Bringing a rocket ship to business operations for a diverse landscape of customers is no easy task, and many businesses have created new revenue streams to stay afloat. Astra, Rocket Lab and Virgin Orbit have all gone public over the past year through mergers with Special Purpose Acquisition Companies, or SPACs. Astra reaped a cash boost of $500 million on its stock listing. Virgin Orbit grossed $483 million.
“After demonstrating our technology and getting it into service,” Virgin Orbit chief executive Dan Hart said of his company’s LauncherOne rocket, “it became clear that we needed to accelerate, and we needed capital to get there.”
Mr. Hart added that going public through a SPAC opens up other opportunities. “It puts us in a place that can give us other tools and flexibility,” he said.
But going public at the start of a rocket venture also adds more pressure for success at a time when engineers are still experimenting and learning about rocket development and when failure is foreseen. Investors, however, can potentially view incidents on and off the launch pad as business risks, as implied by Thursday’s brief freeze in Astra shares.
While companies like Astra have barely come off the launch pad, they may also be looking to diversify their business.
Caleb Henry, launch industry analyst at Quilty Analytics, said some of the companies that have gone public using SPACs see “a need to buy other companies in order to get closer to the revenue projections they have placed on the market.”
Astra’s Mr Kemp said buying small companies that specialize in building high-tech spacecraft components will be key to the growth of many small launch companies after their IPOs, a strategy he suggested was aimed at extending business services.

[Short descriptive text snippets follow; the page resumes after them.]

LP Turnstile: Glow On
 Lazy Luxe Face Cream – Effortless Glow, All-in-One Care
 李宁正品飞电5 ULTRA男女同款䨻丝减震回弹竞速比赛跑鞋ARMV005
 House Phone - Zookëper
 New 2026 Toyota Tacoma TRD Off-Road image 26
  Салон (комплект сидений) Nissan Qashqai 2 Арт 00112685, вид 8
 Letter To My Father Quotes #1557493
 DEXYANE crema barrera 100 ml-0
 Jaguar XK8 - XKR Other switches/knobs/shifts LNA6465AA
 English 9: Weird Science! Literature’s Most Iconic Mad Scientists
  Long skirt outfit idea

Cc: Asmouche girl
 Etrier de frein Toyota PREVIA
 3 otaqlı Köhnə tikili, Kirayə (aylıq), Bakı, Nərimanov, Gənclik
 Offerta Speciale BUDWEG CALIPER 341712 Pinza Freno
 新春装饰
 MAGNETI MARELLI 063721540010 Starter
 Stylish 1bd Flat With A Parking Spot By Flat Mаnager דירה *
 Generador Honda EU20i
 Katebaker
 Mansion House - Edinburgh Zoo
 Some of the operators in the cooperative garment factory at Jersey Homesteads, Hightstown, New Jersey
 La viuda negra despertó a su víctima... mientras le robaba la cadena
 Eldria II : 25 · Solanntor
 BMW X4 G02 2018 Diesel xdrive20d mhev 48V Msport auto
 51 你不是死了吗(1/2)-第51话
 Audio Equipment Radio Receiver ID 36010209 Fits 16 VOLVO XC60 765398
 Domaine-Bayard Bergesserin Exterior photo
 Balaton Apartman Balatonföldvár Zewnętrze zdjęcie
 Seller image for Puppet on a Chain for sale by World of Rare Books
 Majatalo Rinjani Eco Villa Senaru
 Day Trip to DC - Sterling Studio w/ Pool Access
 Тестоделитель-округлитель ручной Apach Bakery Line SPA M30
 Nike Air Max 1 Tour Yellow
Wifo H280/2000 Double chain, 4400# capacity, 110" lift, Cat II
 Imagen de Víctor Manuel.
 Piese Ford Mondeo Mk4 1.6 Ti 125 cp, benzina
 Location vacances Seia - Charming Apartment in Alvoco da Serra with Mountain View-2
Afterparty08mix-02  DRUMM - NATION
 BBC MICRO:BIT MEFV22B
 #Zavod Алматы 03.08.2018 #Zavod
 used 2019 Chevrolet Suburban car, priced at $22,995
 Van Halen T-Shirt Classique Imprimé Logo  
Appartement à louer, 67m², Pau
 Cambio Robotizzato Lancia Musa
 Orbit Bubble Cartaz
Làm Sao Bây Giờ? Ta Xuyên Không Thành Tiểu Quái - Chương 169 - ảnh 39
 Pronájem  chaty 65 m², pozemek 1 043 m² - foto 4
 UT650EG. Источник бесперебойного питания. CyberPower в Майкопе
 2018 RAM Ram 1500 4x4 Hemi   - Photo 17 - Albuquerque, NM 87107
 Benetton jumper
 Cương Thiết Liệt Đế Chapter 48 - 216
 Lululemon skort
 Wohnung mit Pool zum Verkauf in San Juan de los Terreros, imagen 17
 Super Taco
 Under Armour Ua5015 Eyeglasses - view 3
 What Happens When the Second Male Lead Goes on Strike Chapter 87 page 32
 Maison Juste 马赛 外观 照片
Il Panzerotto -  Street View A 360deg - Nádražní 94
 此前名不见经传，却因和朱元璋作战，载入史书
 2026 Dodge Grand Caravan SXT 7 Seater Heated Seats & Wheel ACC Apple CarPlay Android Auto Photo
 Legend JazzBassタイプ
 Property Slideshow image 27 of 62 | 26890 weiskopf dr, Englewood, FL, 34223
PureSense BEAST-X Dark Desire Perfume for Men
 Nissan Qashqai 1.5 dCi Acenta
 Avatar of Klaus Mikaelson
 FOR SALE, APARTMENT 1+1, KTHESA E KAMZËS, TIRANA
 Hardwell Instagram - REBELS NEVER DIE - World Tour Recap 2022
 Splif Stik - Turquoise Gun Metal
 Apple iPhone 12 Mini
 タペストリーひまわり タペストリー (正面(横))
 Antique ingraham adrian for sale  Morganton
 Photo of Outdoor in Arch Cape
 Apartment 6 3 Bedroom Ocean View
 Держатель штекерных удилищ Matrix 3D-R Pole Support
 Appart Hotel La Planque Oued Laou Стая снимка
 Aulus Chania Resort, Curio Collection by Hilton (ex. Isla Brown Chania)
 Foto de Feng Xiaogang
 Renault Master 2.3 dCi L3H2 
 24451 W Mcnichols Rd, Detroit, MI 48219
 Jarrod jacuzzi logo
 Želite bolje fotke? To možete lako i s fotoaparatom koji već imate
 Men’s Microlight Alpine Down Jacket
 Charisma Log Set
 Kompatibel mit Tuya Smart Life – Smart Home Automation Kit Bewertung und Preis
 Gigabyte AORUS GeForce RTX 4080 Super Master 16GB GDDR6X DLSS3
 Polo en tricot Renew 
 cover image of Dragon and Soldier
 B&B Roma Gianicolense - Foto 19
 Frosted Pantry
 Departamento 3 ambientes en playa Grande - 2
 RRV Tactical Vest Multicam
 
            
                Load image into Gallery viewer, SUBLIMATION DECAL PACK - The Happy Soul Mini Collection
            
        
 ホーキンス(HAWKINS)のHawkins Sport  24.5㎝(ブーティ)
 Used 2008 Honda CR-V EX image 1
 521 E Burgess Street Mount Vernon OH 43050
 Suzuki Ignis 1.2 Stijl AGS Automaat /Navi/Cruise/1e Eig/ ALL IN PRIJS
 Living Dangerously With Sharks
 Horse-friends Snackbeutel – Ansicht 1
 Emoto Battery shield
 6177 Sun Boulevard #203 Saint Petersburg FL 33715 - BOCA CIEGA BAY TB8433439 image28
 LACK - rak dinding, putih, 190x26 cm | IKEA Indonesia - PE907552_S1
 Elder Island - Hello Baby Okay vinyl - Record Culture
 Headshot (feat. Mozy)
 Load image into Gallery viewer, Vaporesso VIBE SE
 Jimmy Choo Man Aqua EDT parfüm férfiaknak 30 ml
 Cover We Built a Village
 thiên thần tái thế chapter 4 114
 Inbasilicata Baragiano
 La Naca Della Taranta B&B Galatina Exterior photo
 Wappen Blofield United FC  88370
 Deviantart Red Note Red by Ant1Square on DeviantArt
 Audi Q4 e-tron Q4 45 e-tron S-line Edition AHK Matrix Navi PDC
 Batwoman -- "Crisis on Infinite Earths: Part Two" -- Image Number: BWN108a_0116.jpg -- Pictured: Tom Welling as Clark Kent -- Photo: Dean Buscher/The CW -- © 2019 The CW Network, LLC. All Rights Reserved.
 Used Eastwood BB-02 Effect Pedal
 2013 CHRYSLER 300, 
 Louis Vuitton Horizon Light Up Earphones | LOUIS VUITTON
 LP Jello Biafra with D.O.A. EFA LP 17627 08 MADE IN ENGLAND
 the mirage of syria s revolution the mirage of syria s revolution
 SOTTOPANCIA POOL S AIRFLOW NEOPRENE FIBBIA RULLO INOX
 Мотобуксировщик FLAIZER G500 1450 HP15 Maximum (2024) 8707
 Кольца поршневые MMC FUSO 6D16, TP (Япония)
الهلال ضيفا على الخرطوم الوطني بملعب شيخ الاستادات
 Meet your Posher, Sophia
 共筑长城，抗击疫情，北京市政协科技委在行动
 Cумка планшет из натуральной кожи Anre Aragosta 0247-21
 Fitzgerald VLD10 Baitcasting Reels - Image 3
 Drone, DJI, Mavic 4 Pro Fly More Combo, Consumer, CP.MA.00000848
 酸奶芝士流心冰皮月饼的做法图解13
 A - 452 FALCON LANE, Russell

Astra last year acquired Apollo Fusion, a company specializing in small electric propulsion systems for space satellites. Rocket Lab, which has many successful launches to date, took similar steps last year when it acquired three companies after its IPO in August, spending about $162 million in total.
These recent efforts to expand revenue streams are partly the result of shifting launch demand from satellite companies. Companies developing vast networks of thousands of internet-broadcasting satellites, like Amazon’s Project Kuiper, are looking for ever-larger rockets to blast large satellite payloads into space simultaneously. Some companies, like Relativity and Rocket Lab, plan to build larger rockets to meet this demand.
“It’s a big, bold bet, but I think it’s the right one because it’s very clear that’s where the market opportunity really is,” said Tim Ellis, chief executive of Relativity, about his company’s plan to begin developing a larger rocket, Terran R, even before its first rocket launches.
ABL Space Systems could follow the trend by designing larger rockets. “We see the same sources of demand driving these decisions, and we expect to meet them,” said Dan Piemont, the company’s chief financial officer. The company’s first launch of its smallest rocket could be delayed from early 2022 after a test crash in January.
Astra has not revealed any plans for a larger rocket. But it maintained a goal of being able to launch up to 1,102 pounds of satellites into low Earth orbit in the future, more than double the capacity of its current rocket.